Il debito pubblico è cresciuto drammaticamente, le pressioni inflazionistiche si fanno sentire, i costi dell’energia aumentano, i finanziamenti europei sono condizionati al raggiungimento di riforme, la Banca centrale europea sta valutando se alzare i tassi.

Abbiamo vinto alcune sfide, ma non siamo ancora al traguardo.

La nostra élite politica deve garantire la continuità della sua convergenza governativa, formalmente fino al 2023 e nei fatti almeno fino al 2026.

Sa che l’interruzione di quella convergenza, il prossimo 24 gennaio, avrebbe conseguenze drammatiche.

Come ha ricordato Sergio Fabbrini, la presidenza della Repubblica assolve inoltre una funzione di garanzia, non solo interna ma anche esterna.

La scelta del presidente della Repubblica deve dunque rafforzare la nostra costituzione materiale, non solamente quella formale.

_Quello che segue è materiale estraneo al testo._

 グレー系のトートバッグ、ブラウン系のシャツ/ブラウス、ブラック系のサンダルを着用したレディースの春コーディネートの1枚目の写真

Se la costituzione formale affida al presidente della Repubblica il compito di garantire l’unità nazionale, l’equilibrio tra i poteri statali, il rispetto dei principii repubblicani, la costituzione materiale gli richiede un compito inedito, garantire l’interdipendenza del Paese.

Il presidente della Repubblica è divenuto l’interlocutore insostituibile dei leader degli altri Paesi europei.

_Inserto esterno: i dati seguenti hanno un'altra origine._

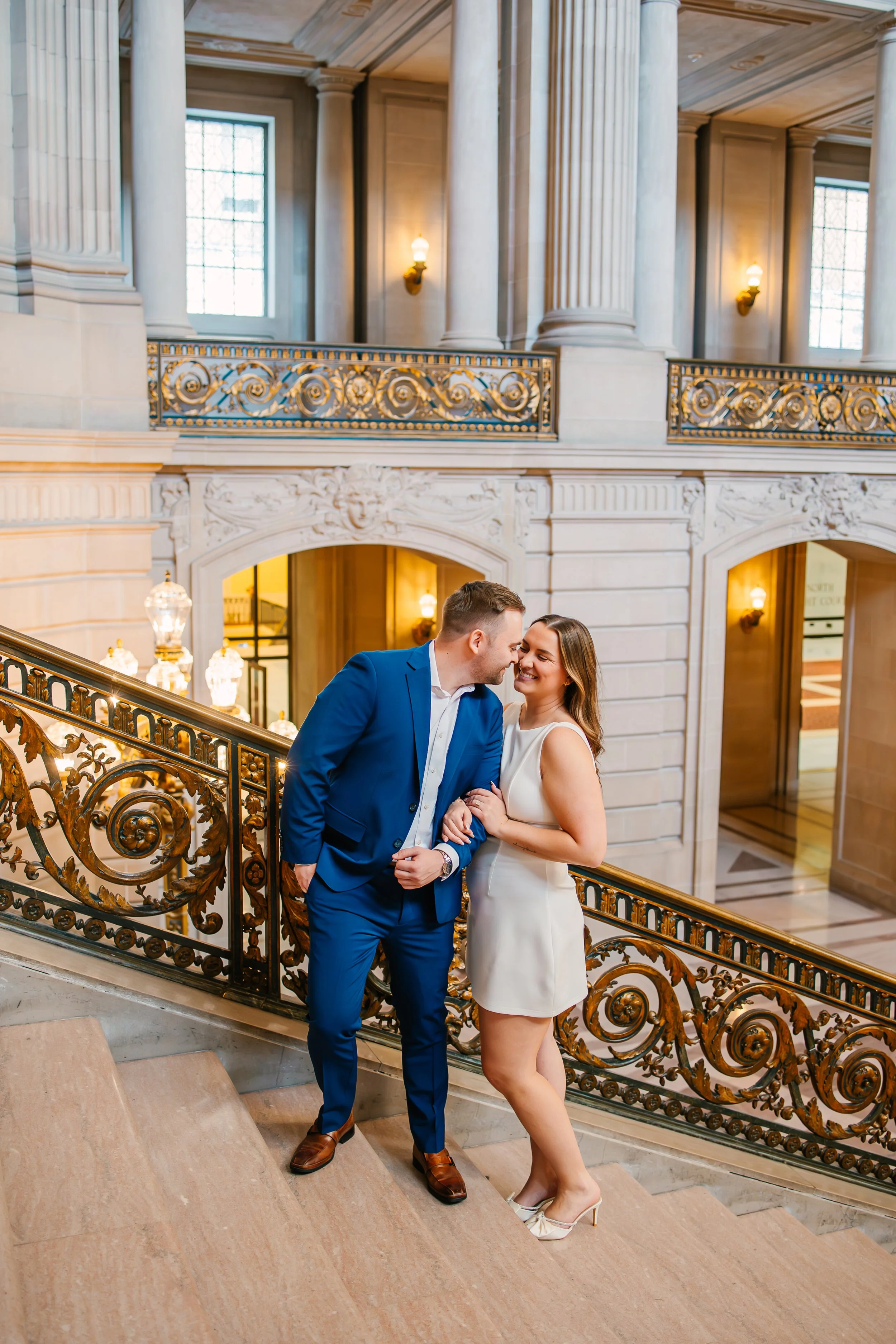 sf-cityhall-engagement-couple-stairs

Il 24 gennaio i Grandi Elettori dovranno, con il loro voto, garantire la continuità e la coerenza dell’azione del governo in carica e, nel contempo, garantire la continuità e la coerenza della presidenza interdipendente della Repubblica.

Dalla loro scelta dipenderà se si potrà continuare a provare e riprovare ad aggiustare l’orologio o se dovremo considerarlo ormai rotto del tutto.